• _What to produce_: Your answer should be the exact lines of the data below from the one containing "February 15: Bojan" through the one containing "Furnished studio kitchen"; please include nothing else.

-------- Supplied records --------

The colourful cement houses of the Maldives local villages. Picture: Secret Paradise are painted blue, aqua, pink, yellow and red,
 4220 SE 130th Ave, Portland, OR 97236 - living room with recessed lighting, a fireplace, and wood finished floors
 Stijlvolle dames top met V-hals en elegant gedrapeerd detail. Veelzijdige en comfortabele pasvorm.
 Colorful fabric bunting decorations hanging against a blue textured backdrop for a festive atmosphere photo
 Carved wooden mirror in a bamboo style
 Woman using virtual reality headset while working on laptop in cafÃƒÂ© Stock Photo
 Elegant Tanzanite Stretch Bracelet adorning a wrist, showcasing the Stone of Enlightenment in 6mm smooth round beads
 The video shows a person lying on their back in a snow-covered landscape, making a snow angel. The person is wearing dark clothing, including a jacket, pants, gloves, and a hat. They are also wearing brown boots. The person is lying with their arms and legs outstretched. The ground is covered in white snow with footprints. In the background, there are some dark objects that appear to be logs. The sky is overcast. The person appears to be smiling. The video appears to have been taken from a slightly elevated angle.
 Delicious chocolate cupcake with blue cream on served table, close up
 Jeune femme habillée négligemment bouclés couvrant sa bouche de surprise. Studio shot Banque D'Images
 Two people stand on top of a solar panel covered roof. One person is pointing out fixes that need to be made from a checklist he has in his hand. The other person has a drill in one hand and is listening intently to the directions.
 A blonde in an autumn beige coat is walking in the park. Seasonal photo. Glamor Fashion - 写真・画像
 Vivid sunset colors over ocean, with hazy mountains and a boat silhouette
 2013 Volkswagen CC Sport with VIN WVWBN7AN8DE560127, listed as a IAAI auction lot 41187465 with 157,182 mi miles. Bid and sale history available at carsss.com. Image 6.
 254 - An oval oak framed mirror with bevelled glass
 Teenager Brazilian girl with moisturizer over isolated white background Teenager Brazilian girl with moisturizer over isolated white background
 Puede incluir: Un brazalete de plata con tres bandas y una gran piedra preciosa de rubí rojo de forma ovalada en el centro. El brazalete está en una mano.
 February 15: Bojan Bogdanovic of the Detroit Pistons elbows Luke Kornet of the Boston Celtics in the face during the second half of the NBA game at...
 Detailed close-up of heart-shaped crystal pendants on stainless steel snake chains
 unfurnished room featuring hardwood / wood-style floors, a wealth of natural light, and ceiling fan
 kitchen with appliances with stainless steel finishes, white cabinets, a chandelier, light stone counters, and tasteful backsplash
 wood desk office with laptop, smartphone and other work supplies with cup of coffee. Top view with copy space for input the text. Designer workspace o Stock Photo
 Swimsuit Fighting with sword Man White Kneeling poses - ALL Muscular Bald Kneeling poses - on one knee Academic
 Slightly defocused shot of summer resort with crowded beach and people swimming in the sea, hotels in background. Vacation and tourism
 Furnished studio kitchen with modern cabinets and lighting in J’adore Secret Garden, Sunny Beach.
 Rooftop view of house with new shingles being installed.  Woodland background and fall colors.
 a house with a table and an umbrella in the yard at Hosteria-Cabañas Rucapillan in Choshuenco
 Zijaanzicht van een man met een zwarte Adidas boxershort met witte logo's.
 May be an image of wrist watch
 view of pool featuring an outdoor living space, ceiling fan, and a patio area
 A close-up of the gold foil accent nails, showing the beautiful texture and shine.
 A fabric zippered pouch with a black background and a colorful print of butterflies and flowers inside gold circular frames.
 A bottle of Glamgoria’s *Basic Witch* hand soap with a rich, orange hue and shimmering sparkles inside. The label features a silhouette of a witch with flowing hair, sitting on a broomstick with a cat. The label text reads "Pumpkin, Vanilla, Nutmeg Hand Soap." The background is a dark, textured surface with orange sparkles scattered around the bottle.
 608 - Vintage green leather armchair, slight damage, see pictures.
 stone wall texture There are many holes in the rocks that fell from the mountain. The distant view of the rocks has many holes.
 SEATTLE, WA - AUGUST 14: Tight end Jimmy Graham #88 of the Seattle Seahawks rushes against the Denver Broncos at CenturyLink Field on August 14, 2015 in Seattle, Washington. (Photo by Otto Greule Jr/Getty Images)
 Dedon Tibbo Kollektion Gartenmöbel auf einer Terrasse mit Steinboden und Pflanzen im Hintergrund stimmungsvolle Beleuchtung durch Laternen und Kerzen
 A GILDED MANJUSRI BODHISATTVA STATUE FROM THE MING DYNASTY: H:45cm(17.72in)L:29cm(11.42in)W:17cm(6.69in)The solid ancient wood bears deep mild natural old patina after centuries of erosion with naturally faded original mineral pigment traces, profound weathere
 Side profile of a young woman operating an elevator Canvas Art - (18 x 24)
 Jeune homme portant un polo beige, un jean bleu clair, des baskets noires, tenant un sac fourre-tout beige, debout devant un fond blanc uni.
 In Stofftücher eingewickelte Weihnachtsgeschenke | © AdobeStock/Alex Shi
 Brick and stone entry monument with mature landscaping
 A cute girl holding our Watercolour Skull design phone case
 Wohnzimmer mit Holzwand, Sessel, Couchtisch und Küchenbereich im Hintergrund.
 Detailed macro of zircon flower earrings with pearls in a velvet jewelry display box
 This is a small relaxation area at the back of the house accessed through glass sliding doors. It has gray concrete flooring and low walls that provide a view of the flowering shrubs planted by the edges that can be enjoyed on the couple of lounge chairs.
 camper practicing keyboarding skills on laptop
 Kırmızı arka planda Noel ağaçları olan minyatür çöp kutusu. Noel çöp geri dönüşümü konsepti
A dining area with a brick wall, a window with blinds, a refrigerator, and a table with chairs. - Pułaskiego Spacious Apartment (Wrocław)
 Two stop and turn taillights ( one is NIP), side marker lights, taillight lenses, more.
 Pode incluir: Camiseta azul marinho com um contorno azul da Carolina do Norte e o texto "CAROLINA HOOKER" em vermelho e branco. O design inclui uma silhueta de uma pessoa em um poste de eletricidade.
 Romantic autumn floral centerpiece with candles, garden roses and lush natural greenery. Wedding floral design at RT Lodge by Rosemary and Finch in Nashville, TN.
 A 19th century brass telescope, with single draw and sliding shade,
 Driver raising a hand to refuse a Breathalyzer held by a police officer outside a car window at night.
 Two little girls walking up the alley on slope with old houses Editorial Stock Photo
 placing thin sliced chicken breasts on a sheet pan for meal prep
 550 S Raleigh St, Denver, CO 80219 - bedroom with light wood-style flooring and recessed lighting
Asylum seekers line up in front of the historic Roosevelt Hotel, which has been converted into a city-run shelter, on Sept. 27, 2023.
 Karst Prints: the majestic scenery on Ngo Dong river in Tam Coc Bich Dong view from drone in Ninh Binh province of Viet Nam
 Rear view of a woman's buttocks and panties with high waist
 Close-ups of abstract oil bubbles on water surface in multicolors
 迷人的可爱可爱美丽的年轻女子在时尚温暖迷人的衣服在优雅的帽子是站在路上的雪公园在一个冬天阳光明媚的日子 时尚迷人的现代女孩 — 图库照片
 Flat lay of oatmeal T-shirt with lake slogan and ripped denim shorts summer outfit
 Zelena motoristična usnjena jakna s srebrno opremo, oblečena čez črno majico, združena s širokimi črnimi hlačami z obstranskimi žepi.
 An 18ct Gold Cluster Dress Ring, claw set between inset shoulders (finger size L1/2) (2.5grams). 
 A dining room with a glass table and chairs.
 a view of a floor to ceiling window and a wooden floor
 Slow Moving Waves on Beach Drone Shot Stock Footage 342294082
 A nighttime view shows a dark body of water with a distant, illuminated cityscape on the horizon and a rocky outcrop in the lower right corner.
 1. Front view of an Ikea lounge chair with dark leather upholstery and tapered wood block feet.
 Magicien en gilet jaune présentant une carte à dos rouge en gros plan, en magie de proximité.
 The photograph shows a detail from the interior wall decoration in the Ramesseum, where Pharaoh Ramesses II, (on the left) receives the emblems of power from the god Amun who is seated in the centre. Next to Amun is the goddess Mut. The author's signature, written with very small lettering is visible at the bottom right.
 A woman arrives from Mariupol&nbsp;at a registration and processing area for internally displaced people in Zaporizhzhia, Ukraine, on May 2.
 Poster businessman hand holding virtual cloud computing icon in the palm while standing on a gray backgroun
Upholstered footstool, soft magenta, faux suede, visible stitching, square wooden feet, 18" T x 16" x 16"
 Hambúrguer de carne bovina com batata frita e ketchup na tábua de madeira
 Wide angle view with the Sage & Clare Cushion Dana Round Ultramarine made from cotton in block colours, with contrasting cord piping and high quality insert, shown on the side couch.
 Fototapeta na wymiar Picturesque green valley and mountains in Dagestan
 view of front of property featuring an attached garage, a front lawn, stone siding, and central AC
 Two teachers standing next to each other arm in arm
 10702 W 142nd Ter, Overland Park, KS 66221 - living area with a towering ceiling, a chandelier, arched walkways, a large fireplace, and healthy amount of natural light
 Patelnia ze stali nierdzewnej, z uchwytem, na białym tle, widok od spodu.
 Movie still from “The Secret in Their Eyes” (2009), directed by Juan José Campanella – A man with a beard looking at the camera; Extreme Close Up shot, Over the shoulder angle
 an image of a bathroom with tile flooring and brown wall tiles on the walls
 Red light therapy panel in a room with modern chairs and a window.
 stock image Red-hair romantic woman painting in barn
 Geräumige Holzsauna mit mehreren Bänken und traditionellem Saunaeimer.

--------

• _Exercise result_:
 February 15: Bojan Bogdanovic of the Detroit Pistons elbows Luke Kornet of the Boston Celtics in the face during the second half of the NBA game at...
 Detailed close-up of heart-shaped crystal pendants on stainless steel snake chains
 unfurnished room featuring hardwood / wood-style floors, a wealth of natural light, and ceiling fan
 kitchen with appliances with stainless steel finishes, white cabinets, a chandelier, light stone counters, and tasteful backsplash
 wood desk office with laptop, smartphone and other work supplies with cup of coffee. Top view with copy space for input the text. Designer workspace o Stock Photo
 Swimsuit Fighting with sword Man White Kneeling poses - ALL Muscular Bald Kneeling poses - on one knee Academic
 Slightly defocused shot of summer resort with crowded beach and people swimming in the sea, hotels in background. Vacation and tourism
 Furnished studio kitchen with modern cabinets and lighting in J’adore Secret Garden, Sunny Beach.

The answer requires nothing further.